Benjamin Whitmers Country Noir “Nach mir die Nacht” erzählt vor allem zwei Vater-Sohn-Geschichten. Aber nicht nur. Er erzählt auch von zwei aus der Bahn geworfenen Existenzen, von denen zumindest eine versucht, die Kurve wieder zu kriegen. Hauptfigur Patterson Wells, der einen Sohn verloren hat, und der gescheiterte Junior, der unter seinem Vater leidet, sollten sich von einander fernhalten. Sie tun sich nicht gut. Immer wenn sie zusammen unterwegs sind, kommt es zu Drogenexzessen oder blutigen Auseinandersetzungen oder sonstigen gefährlichen Ereignissen.
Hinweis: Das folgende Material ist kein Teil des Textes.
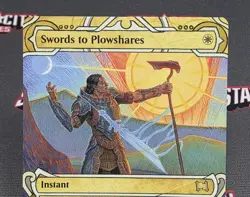MTG FOIL Swords to Plowshares- DAMAGED -Strixhaven Mystical Archive Magic Card - Image 3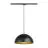 SLV Foco de carril Colgante De Luz Forchini M 40 1-Fase Acero Negro | Apta para 1x E27 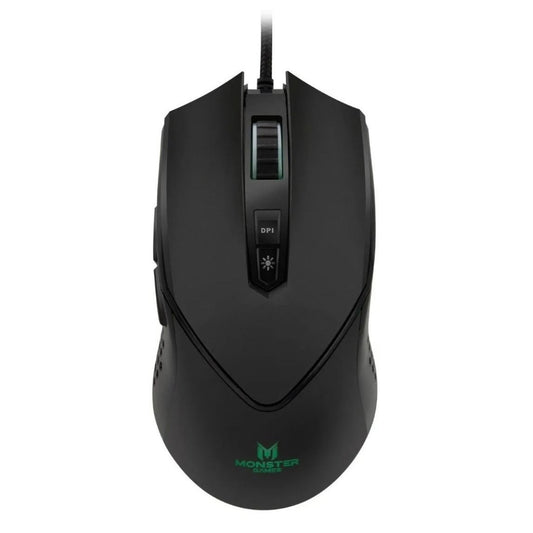 Mouse Gamer Monster Thunderstorm Rgb 6400dpi Negro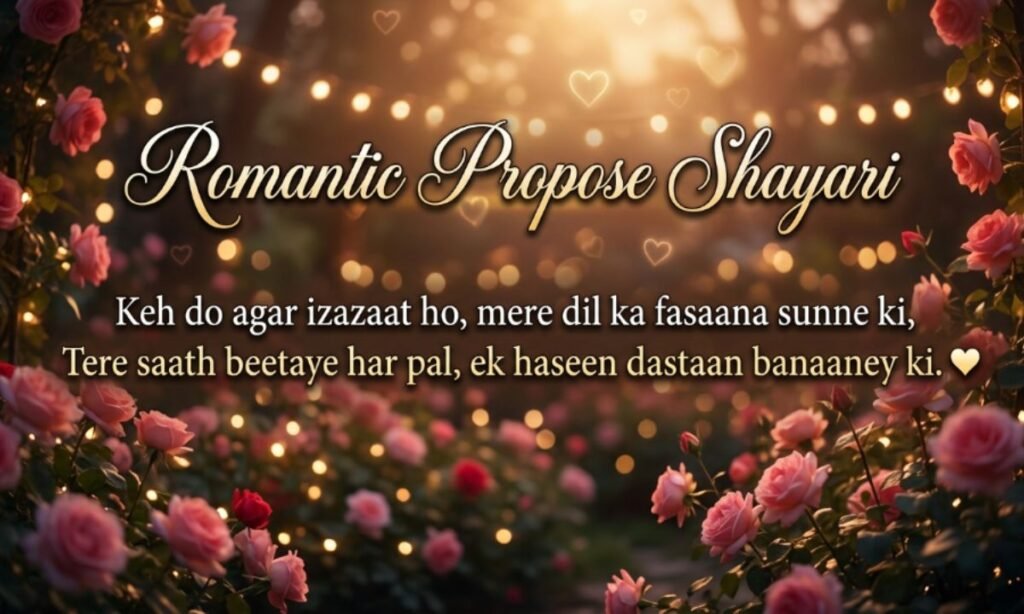 Romantic Propose Shayari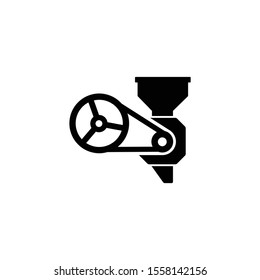 Grinder machine icon in trendy flat style isolated on white background. Symbol for your web site design, logo, app, UI. Vector illustration, EPS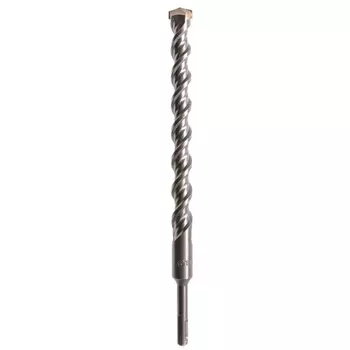 Бур по бетону Denzel Cobalt W-tip 705053, двойная спираль, 22x310 мм, SDS PLUS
Eigentlich hassen sie sich, dennoch werden sie vom jeweils anderen fast magnetisch angezogen.

Was Patterson und Junior tun, kann man bestenfalls als idiotisch bezeichnen. Sie haben ihre Leben nicht im Griff. Dennoch gelingt es Whitmer, den beiden auch liebenswerte Seite abzugewinnen. Sie scheinen genau um ihre Außenseiter-Stellung in der Gesellschaft zu wissen. Auch wissen sie, dass sie den Menschen, die sie lieben, nicht gut tun. Weil sie eben immer wieder Scheiße bauen, immer wieder das Falsche machen. Dennoch lassen sie billige Ausreden für ihr Handeln nicht gelten.

“Harte Kindheiten sind keine Mysterien, sondern Grundelemente des Lebens. Die Alltagshölle, die so gut wie jeder erlebt hat. Schlimm genug, wenn es dir so ergangen ist, aber noch erbärmlicher, wenn du dich später davon kaputt machen lässt, wenn du’s längst hinter dir hast.”
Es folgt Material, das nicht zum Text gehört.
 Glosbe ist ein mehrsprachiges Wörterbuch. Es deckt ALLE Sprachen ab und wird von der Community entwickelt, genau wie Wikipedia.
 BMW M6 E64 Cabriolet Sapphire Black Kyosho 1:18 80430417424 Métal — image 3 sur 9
Darüber hinaus erzählt Whitmer immer wieder von einem verfallenden Amerika, einem von innen heraus verrottenden Land: “Im Landesinneren reiht sich ein Trümmerhaufen an den nächsten, so weit das Auge reicht. Zwischen Orkanschäden und dem Zerfall, den man im mittleren Westen heutzutage in jeder beliebigen Stadt vorfindet, besteht kein wesentlicher Unterschied mehr.” Es ist kein schönes Amerika, das er da beschreibt.

Der Polar-Verlag hat mit Whitmer wieder einmal eine neue, interessante Stimme entdeckt. Bleibt zu hoffen, dass von diesem Autor noch mehr nachkommt.

7 von 10 Punkten

Benjamin Whitmer: “Nach mir die Nacht”, übersetzt von Len Wanner, 274 Seiten, Polar Verlag.